→ EXERCISE PROMPT
Under this line are the records; repeat exactly the lines starting at the one containing "Rustikal 2 Foto Bester Vater je Baseball" and ending at the one containing "Hermes Carnaby Losange", omitting pictures.

→ DATA TO PROCESS
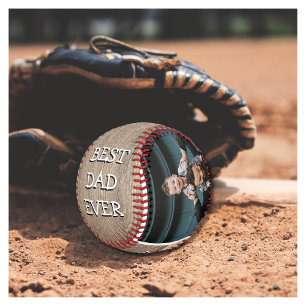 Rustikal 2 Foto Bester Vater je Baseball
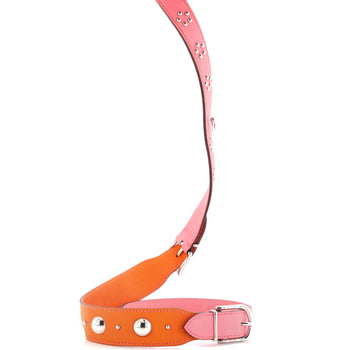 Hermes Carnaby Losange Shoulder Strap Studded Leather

==

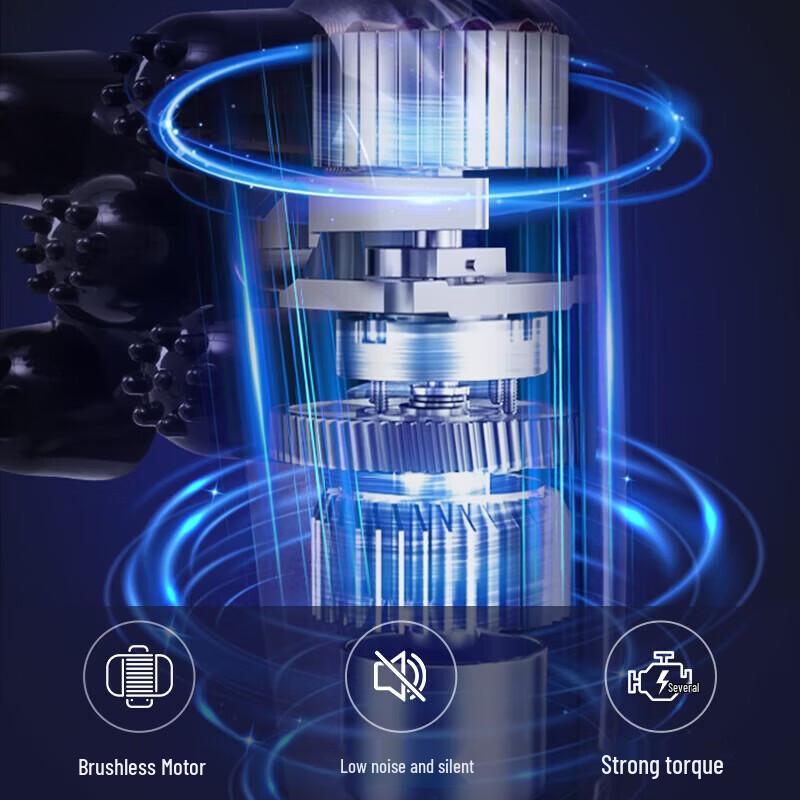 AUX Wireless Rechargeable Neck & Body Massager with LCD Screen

→ WORKED SOLUTION
 Rustikal 2 Foto Bester Vater je Baseball
 Hermes Carnaby Losange Shoulder Strap Studded Leather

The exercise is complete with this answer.